Monday, Oct. 26, 1970
The Thin Red Line
By T.E.K.
Two young subalterns, fresh from England, join Kipling's army in India in those late-19th century days when the officers' mess jackets and half of the map of the globe were colored a royal red. It is a very pukka sahib regiment, that of Barry England's play Conduct Unbecoming, with a code of ethics, clique loyalties, and a voracious fondness for pig-sticking and whisky. One of the subalterns, 2nd Lieut. Arthur Drake (Paul Jones), has come to the regiment with tunes of glory lilting in his head and an earnest determination to uphold the honor of soldiering. The other, 2nd Lieut. Edward Millington (Jeremy Clyde), the son of a general, is disdainfully disenchanted with the military. A kind of Victorian dropout, he intends to get busted and return to the bliss of civilian life. Millington quickly breaks regimental protocol and gets himself cordially detested by everyone from the colonel on down to Drake, his neophyte comrade-in-arms.
At a regimental ball, which seems to be the briskest, and perhaps the most arduous, campaign that this outfit was ever engaged in, Millington makes an unsuccessful pass at Mrs. Marjorie Hasseltine (Elizabeth Shepherd), who has a sub rosa reputation for being a courtesan among young subalterns. She charges him with attacking her, and a regimental court-martial is convened.
Relentless Quest. Through the bulk of the trial scenes, a tension is built up that has probably not been felt in the Broadway theater since The Caine Mutiny Court-Martial. Drake, to his considerable dismay, is picked to defend Millington, but he goes about it with a cool, indefatigable, relentless quest for the truth. Mrs. Hasseltine, it turns out, has indeed been attacked, but not by Millington. As Drake zeroes in on the real culprit, he also unearths evidence that the much-vaunted "honor" of the regiment is something of a mockery.

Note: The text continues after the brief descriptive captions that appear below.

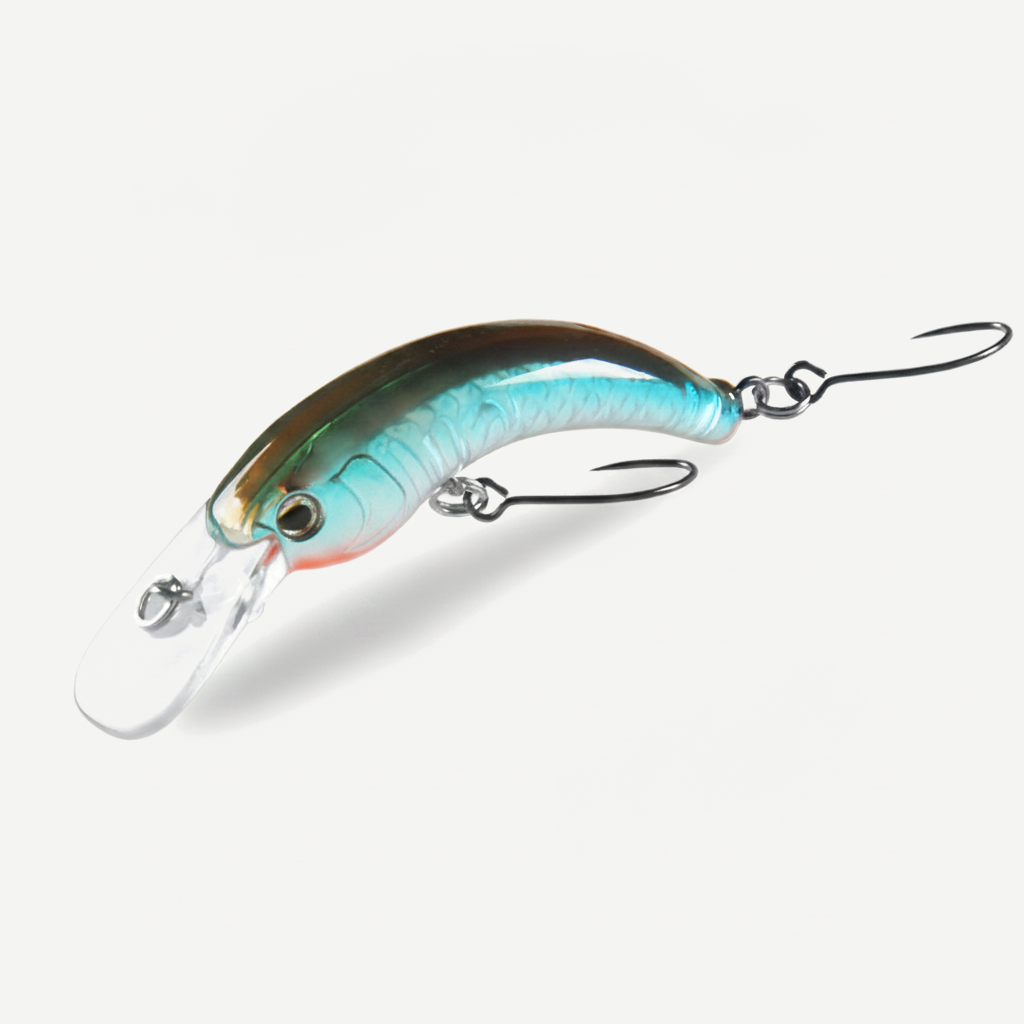 BEARKING Mini Crankbait 29mm Finesse Wobbler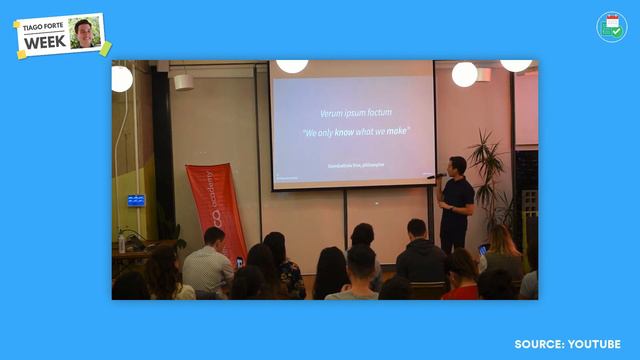 Who is Tiago Forte and what is the Second Brain? смотреть онлайн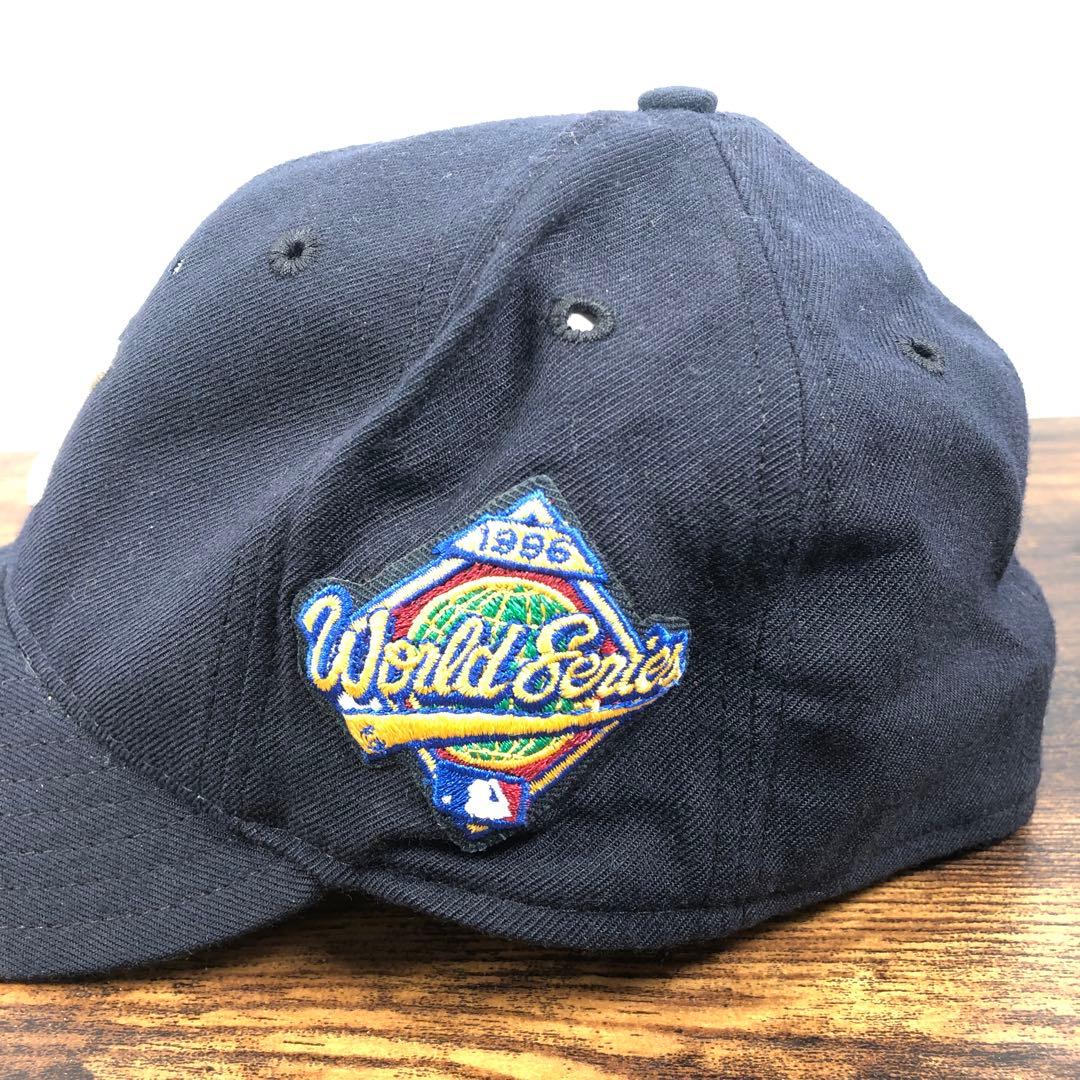 ビンテージ NEW ERA ヤンキース プロモデル 7 1/8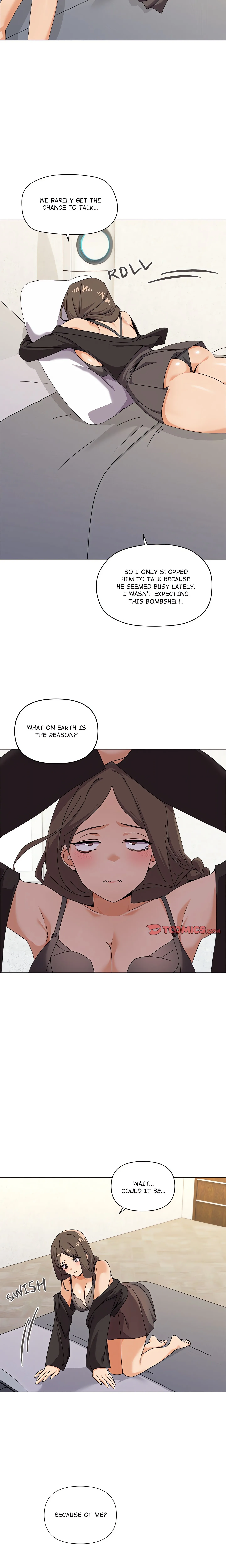 What’s Wrong With This Family? (Uncensored) Chapter 25 page 12 - 
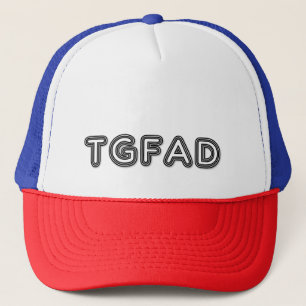 TGFAD Hat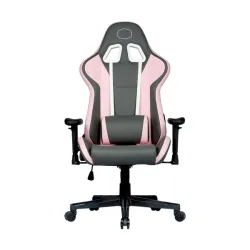 Cooler Master Caliber R1S Gaming Chair Pink Gray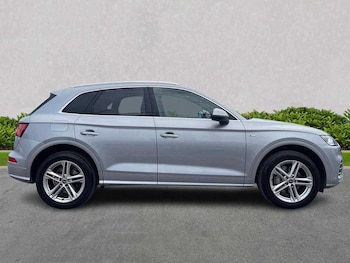 Used Audi Q5 2021 for sale - 75436538: Photo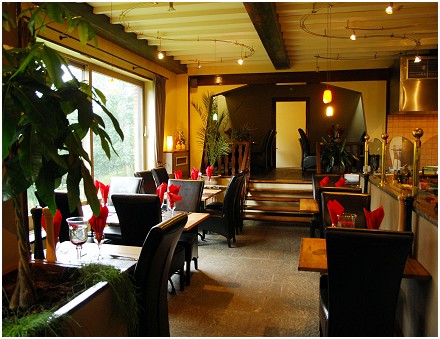 La Pichelotte Restaurant à Gesves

If tension works for Conduct Unbecoming most of the way, so does nostalgia. These are the Britons who remain romantic heroes in the memories of most middle-aged Americans. Here, they are--the stiff-upper-lipped thin red line, brave, dashing, loyal and incredibly handsome. They always saved the day at some hellish outpost of empire among tsetse flies and assagais. Watching Conduct Unbecoming is almost like seeing the ghost of Lord Kitchener trouncing Lucky Jim.
Blanket Indictments. The play, like that vision, finally falls apart. The point of collapse comes when Mrs. Hasseltine withdraws her charges against Millington and turning on the assembled officers, says, "You are scum." Playwright England hasn't prepared the audience for anything like that, either as a Brechtian blast at the military or in terms of the actual behavior of the officers involved. It refutes common sense to make blanket indictments of any group of men, whether they be army officers, policemen or stockbrokers. The person most qualified to know this is Mrs. Hasseltine herself, who has traded on the genuine honor and outrage of most of the officers in pressing her charges. In referring to Millington, Mrs. Hasseltine goes on to say, "He is the only gentleman I have met in all my years with this regiment." But he has not acted remotely like a gentleman, only like a sour, spoiled, self-indulgent brat. Besides, Mrs. Hasseltine is in the weakest position to raise any moral questions since it is she who has maligned an innocent man's character. Even as plot jockeying, this kind of dishonest playwriting does not pay, for the audience feels in the end that the emotion, interest and belief that it has invested in the play have all been exploited and betrayed.
The cast is totally honest and utterly skillful. It is difficult to imagine two young actors more sensitively attuned to their roles than Paul Jones as Drake and Jeremy Clyde as Millington. For the rest, Britannia may no longer rule the waves, but it reigns in the playhouses of London and New York with acting of the highest style.